26 Replies Latest reply on Oct 3, 2013 11:55 AM by Kevin Rak

    When monitoring service uptime and availability, do you use geographically diverse monitoring stations? Can you have too many?


      In dealing with availability monitoring, how many different geographic angles do you prefer to analyze from? Are the pros and cons to having too many or too few?


      I recently had a downtime problem with a cabinet that I lease for customers as well as my own hosted services. I monitor the uptime of the services running in my cabinet from multiple points throughout the world. During a recent outage, I could see via multiple historical traceroute logs where the problem appeared to be. The checks all started from monitoring nodes outside of my datacenter with monitoring traffic moving inward.

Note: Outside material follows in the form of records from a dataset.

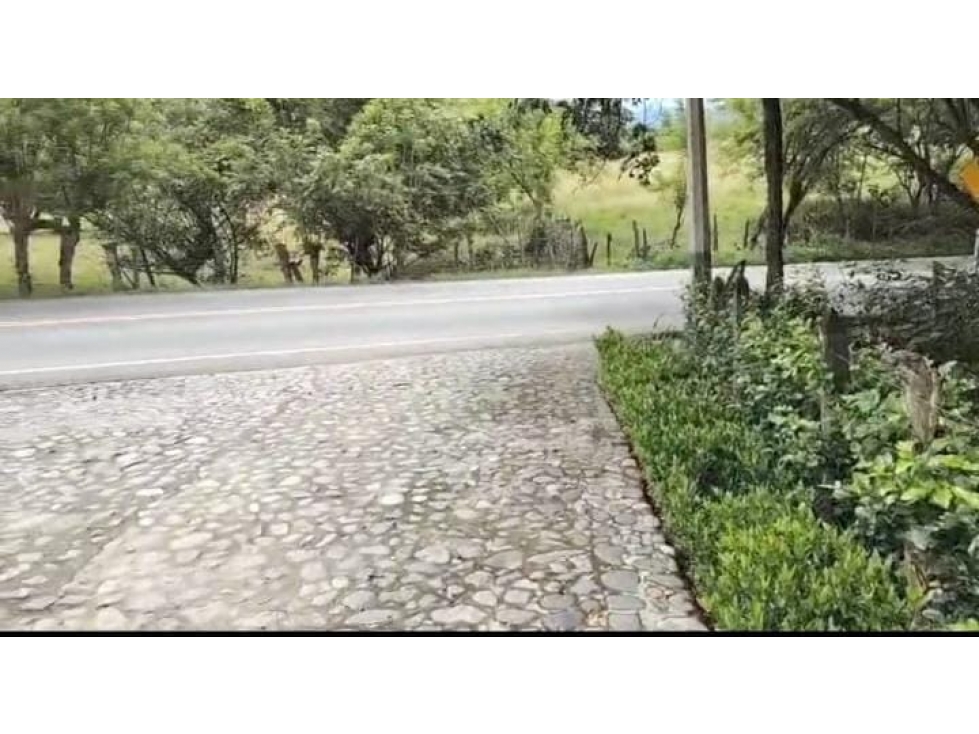 VENTA LOTE EN SOPETRAN POR LA Y QUE GIRA A SANTA FE — foto 3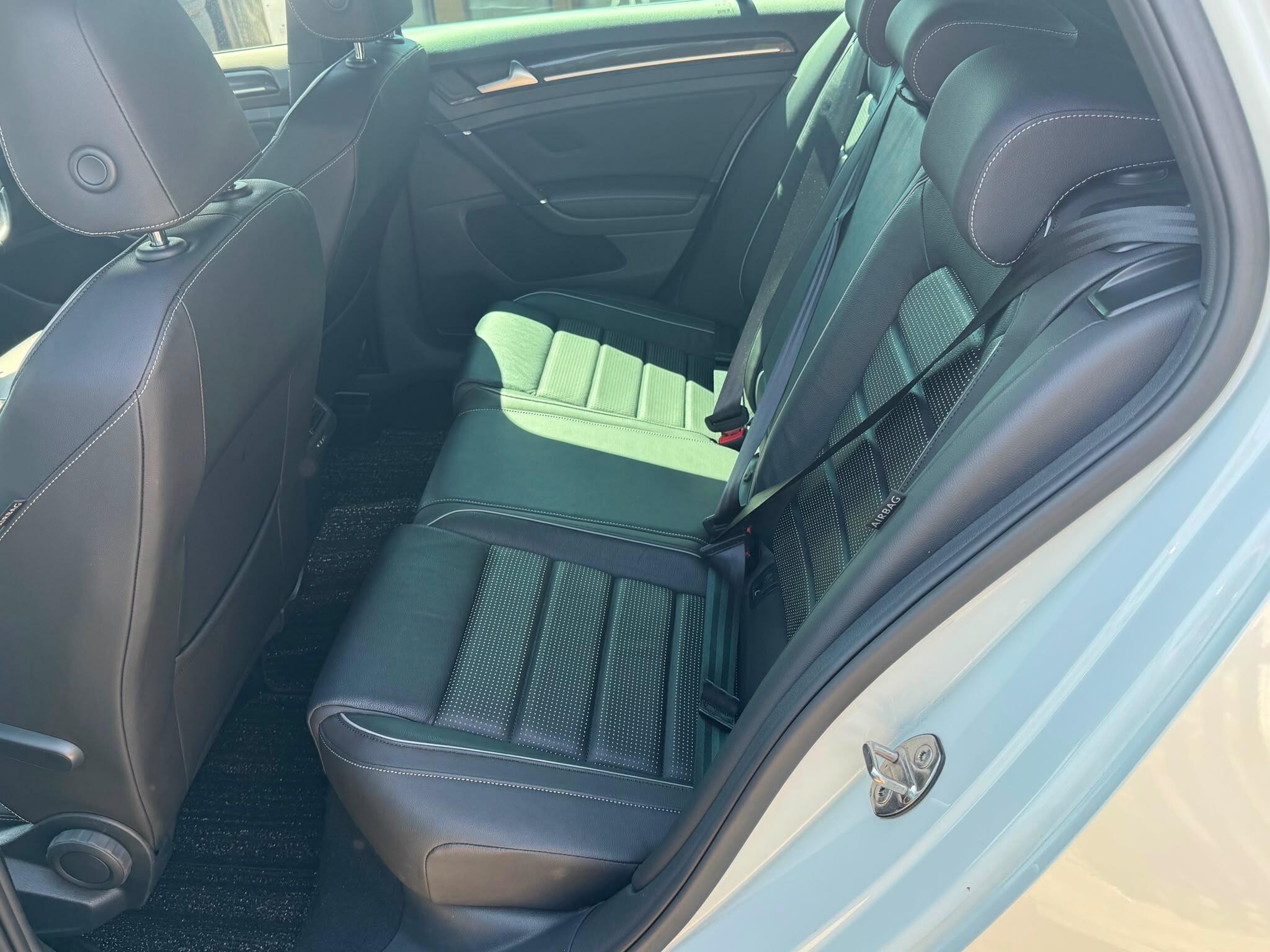 Volkswagen Golf view 20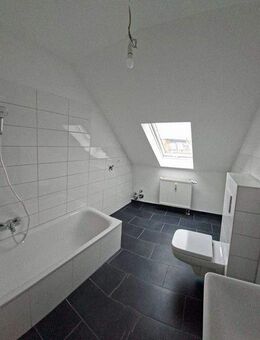 Großzügige renovierte 3 Zimmer-Dachgeschoßwohnung in Sennfeld sucht neue Bewohner/innen!! - Sennfeld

      Traceroute traffic was starring out at a certain edge device for the datacenter, and it was doing so for all geographic checks. I was happy to have such insurmountable evidence to present concerning the downtime. However, later on I noticed some peculiar downtimes that were only affecting certain monitoring stations. Las Vegas lost visibility into my cabinet for a minute, all traffic dying at one of the upstream providers for my datacenter. Days later, Paris, France couldn’t access services in my cabinet for a few minutes, also dying at a hop from one of my datacenter’s providers.


      When monitoring from a vast array of nodes, you start to see how much of a living entity the Internet can appear to be. Latencies morph and shift across the globe, downtimes for certain localities can quickly come and go, sometimes too brief to detect without up-to-the-second checks (which are a bit excessive, if you ask me).


      Monitoring from multiple external nodes can also cause something of a mania. I mean, do I really need to check from 56 different external locations? With that number of localities, you start to get alerts for spurious, transient and local interrupts that aren’t your fault. I've quickly been swept up in fretting over strange local network issues for monitoring stations and tracking down gremlins that weren't even mine. And anyway, do clients or business leaders really need to be impressed that badly unless they’re FaceBook? Wouldn't they be mollified with just a dozen geographic monitors?


      When you’re setting up checks for your services, how many geographically diverse monitors do you like to have? Is there a point when you can have too many? What have you discovered in this realm of uptime monitoring, service availability, and overall transaction time checking? Can you have too much of a good thing?